It seems impossible that most mornings, we get up, get dressed, hug and kiss our kids and send them off to school in the care of others.
It seems impossible that they come back home safely, every day.
It seems impossible because less than six months ago, a madman killed an entire classroom of kindergartners. Earlier this week students whose parents hugged them and told them "have a good day" were buried under the rubble of their school after a mile-wide tornado swept through their town. And yesterday two 4th graders did not come home from a field trip to hunt for fossils at a local park when a rain-saturated gravel pile they were on collapsed under them, burying them in seconds.
I pray for those families. I pray for the parents who never got to say good-bye. I cannot imagine their pain.
And yet tomorrow, I will send my children off to school, give them hugs and kisses and tell them to "have a good day."

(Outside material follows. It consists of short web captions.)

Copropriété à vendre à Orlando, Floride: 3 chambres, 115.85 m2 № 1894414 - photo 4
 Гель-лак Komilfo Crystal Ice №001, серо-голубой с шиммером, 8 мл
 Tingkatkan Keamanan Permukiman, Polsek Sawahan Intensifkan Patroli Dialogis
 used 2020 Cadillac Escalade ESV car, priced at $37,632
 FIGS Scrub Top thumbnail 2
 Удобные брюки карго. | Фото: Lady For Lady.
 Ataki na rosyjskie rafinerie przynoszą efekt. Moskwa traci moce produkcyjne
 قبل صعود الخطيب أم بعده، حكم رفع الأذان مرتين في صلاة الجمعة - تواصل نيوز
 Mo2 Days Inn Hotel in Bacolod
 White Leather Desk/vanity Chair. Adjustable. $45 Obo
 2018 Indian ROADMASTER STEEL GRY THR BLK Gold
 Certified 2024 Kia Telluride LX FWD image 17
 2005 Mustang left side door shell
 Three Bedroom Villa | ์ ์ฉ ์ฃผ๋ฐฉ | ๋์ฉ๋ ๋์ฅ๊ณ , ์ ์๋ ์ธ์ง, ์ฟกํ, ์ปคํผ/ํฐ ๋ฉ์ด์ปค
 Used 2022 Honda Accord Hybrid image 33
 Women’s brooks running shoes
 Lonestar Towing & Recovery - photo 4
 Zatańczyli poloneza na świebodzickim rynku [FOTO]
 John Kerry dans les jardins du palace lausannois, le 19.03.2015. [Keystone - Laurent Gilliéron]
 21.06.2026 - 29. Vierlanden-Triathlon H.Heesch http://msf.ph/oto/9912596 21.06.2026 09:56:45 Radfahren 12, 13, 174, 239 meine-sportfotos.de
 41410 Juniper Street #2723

I take comfort in knowing that most days, all the children who go to school arrive safely back home. I need to remind myself that these horrific events are all jumbled on top of each other in my mind because of their proximity in time and the speed at which today's media cover such events, bringing them closer to home than ever. The fact that these things rarely happen is what makes them such grand news stories, so that they seem more common than they truly are.
I have to tell myself that or I would stay at home, curled up in a ball with my children under my arms, never stepping outside, never answering the door, never letting my children grow up and spread their wings, discover their talents.
It seems impossible, but I will do it. I will take that risk, because our kids deserve the opportunity to experience the world, in all its beauty and terribleness.
And I will appreciate every day that I have with them, and make the most of our time together.